The Australian Renewable Energy Agency has announced $6 million in funding to Hydrostor Australia for Australia’s first energy storage project using compressed air.

Hydrostor will construct the 5 MW / 10 MWh fuel-free Advanced Compressed Air Energy Storage (A-CAES) facility, which will re-purpose the Angas Zinc Mine  in Strathalbyn, 60km southeast of Adelaide.

The $30 million commercial demonstration project will use the existing mine to develop a below-ground air-storage cavern that uses an innovative design to achieve emissions free energy storage. The facility will provide synchronous inertia, load shifting, frequency regulation and support for grid security and reliability.

Utilising the existing mine will help to increase renewable energy supply to the South Australian and national energy grid while also converting a brownfield site into a clean energy hub.

Hydrostor’s project also received $3 million in funding from the South Australian government through its Renewable Technology Fund.

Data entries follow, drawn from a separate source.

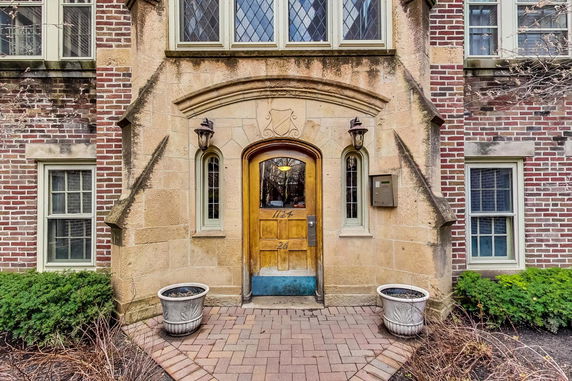 Front view of a building entrance with stone and brick facade, wooden door, and decorative windows.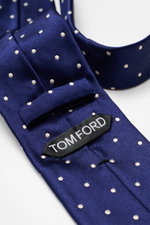 Nahaufnahme der Tom Ford Seidenkrawatte dunkelblau/creme gepunktet, aus reiner Seide mit dezentem Glanz, Logo-Stitching, monochromem Futterstoff, Breite 8 cm, made in Italy, zeitloser Stil, fotografiert von oben.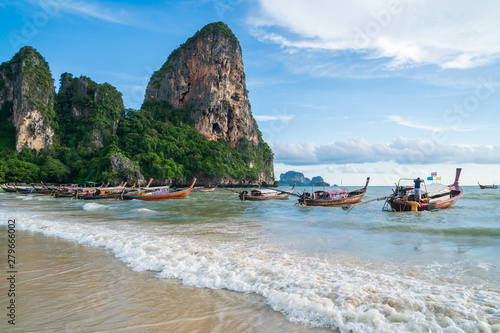 Beautiful tropical railay beach with Thai traditional wooden longtail boat at Krabi, Thailand © Kittiphan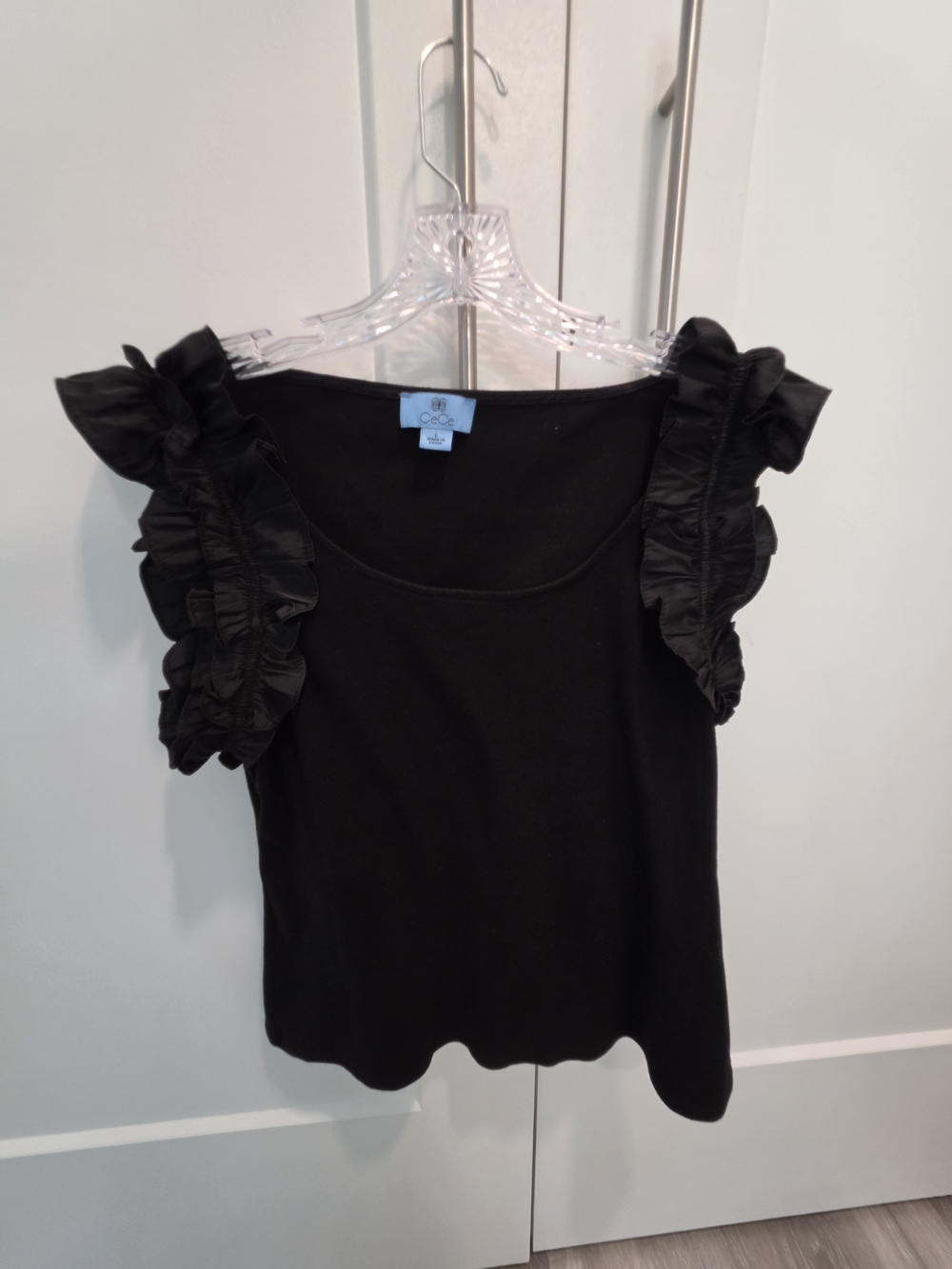 CeCe 3 Tops- Black, White And Orange Ruffle Sleeve Tank Tops.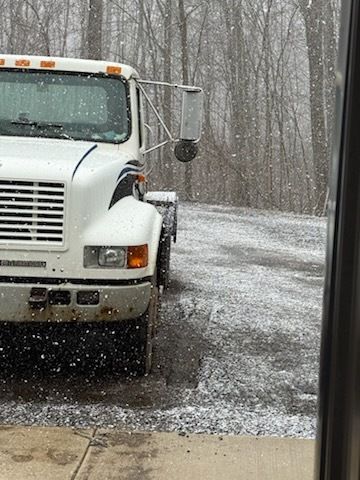 White truck parked on a snowy road in a leafless winter forest as snow falls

The technology works by using electricity from the grid to produce compressed air, which is stored in a purpose-built underground cavern kept at constant pressure using hydrostatic head from a water column.

During charging, heat from the compressed air is collected and stored before the cooled air displaces water out of the cavern up to a water reservoir on the surface. To discharge, water flows back into the cavern forcing air to the surface under pressure where it is heated with the stored thermal energy and drives a turbine to generate electricity.

As a fuel-free storage technology, A-CAES has similar applications to pumped hydro. Most notably, it can provide the dispatchability required to ensure reliability of the power system as more solar and wind power is installed.